The beginning of the round-up article eloquently classifies the fall season in a generic and alluring way, as to be expected from a prospective-student service site. It then lists 50 of the “most stunning” displays of the fall season at institutions across the country. Yet, the reader can’t help but wonder how and why these schools were selected.
While there is no doubt that Wheaton College has one of the most stunning campuses in New England, let alone the United States, the chosen 50 colleges and universities that the article lists seem arbitrary and random.
The picked schools range from University of Virginia, with 15,000 undergrads, to Middlebury College, a college with only 2,500 degree-seeking scholars. The article represents a diverse group of schools, but many aesthetically spectacular universities were left out.

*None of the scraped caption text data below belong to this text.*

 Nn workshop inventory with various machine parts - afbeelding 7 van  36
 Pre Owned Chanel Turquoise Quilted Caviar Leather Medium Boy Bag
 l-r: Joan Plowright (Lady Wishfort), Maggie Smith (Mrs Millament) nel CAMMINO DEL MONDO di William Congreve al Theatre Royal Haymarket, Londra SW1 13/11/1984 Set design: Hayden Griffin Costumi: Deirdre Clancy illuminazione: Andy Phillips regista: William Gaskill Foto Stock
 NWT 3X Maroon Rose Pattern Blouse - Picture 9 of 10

These exclusions prompted the public to share their feelings of animosity in the comments below the article.
Although it is interesting for the viewer to analyze the list of selected schools, the article might have been more successful if it represented 75 or 100 schools.

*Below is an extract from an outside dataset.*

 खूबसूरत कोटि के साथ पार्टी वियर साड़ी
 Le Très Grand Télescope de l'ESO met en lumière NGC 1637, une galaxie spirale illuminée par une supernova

As stated in the introduction of the article, the organic and vibrant colors of Mother Nature’s fall attire liven up any environment, despite the raw attractiveness of the place. With this thought in mind, how exactly the authors picked these 50 schools to show off to the pre-frosh of the world is still in question.
Maybe they evaluated the trees on each campus – their location, their ability to produce a bountiful amount of colors, the variety of species – and compared the results to other institutions. This is a valid approach. As a result, shouldn’t the photographs in the article reflect the campuses greatest aesthetic perspective? One would hope so, but this is not the case.

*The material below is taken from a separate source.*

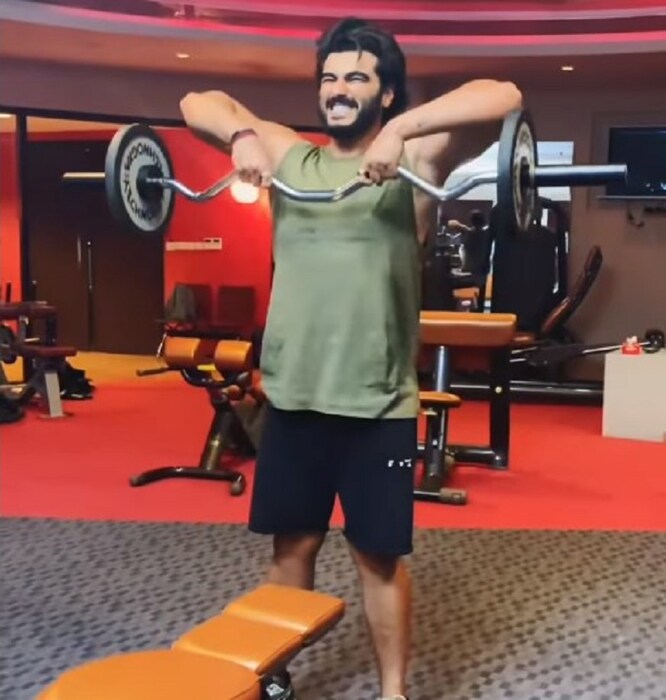 अर्जुन कपूरने असे म्हटले आहे की, 'यावर विश्वास ठेवणे कठीण आहे की हा प्रवास खूप कठीण होता. आताही आहे, पण मी त्या मानसिक स्थितीवर प्रेम करू लागलो आहे ज्यामध्ये मी गेले 15 महिने आहे. मला आशा आहे की हे असेच राहील. मला अस वाटायला लागण्यास खूप वेळ गेला आहे. हा मी आहे हा मी आहे!  (फोटो क्रेडिट : Instagram @arjunkapoor)
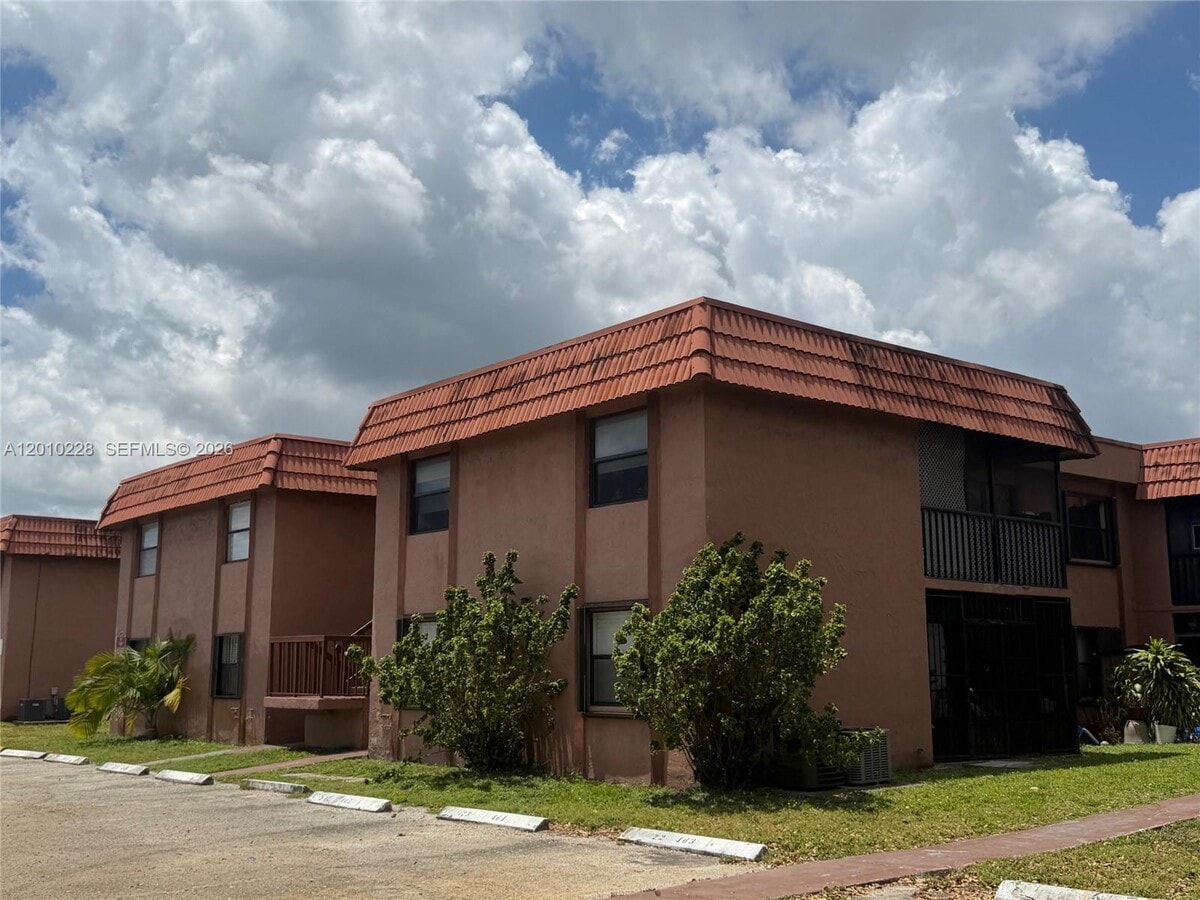 Photo - 6540 W 27th Ct Unit 56-24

A few of the images contradict the descriptions written below them. The campuses of Swarthmore College, Wesleyan University, Vassar College, and Northland College (the list continues…) might have “colorful settings” and “beautiful foliage” during the fall season, but the authors are unable to show photographic confirmation. The images show either post-foliage trees, or trees with brown and dead leaves (not quite the “quintessential” campus fall that the article hyped in its introduction). It should also be noted that the photograph below St. Joseph’s College is not of St. Joseph’s College.
Like many online evaluative lists, this article seems to have a biased undertone, which ought to be considered while we “ooh” and “aah” over the school rankings. I am not saying that the reliability of the seasonal descriptions of each school come into question, but rather the faults of the article cast doubt upon its veracity. There are numerous schools in the United States that are just as “glorious” as these, but these 50 were fortunate enough to be chosen. While these institutions are, indeed, attractive, the article should have indicated the methodology that it used to evaluate them.
Wheaton College remains one of the most quaint and beautiful campuses in New England; this reality will never change. The campus’ eclectic group of buildings makes it stand out from its neighbors. The pond and the Dimple add personality, and more importantly, the community continues to preserve the beauty of the sweet little campus that we call home.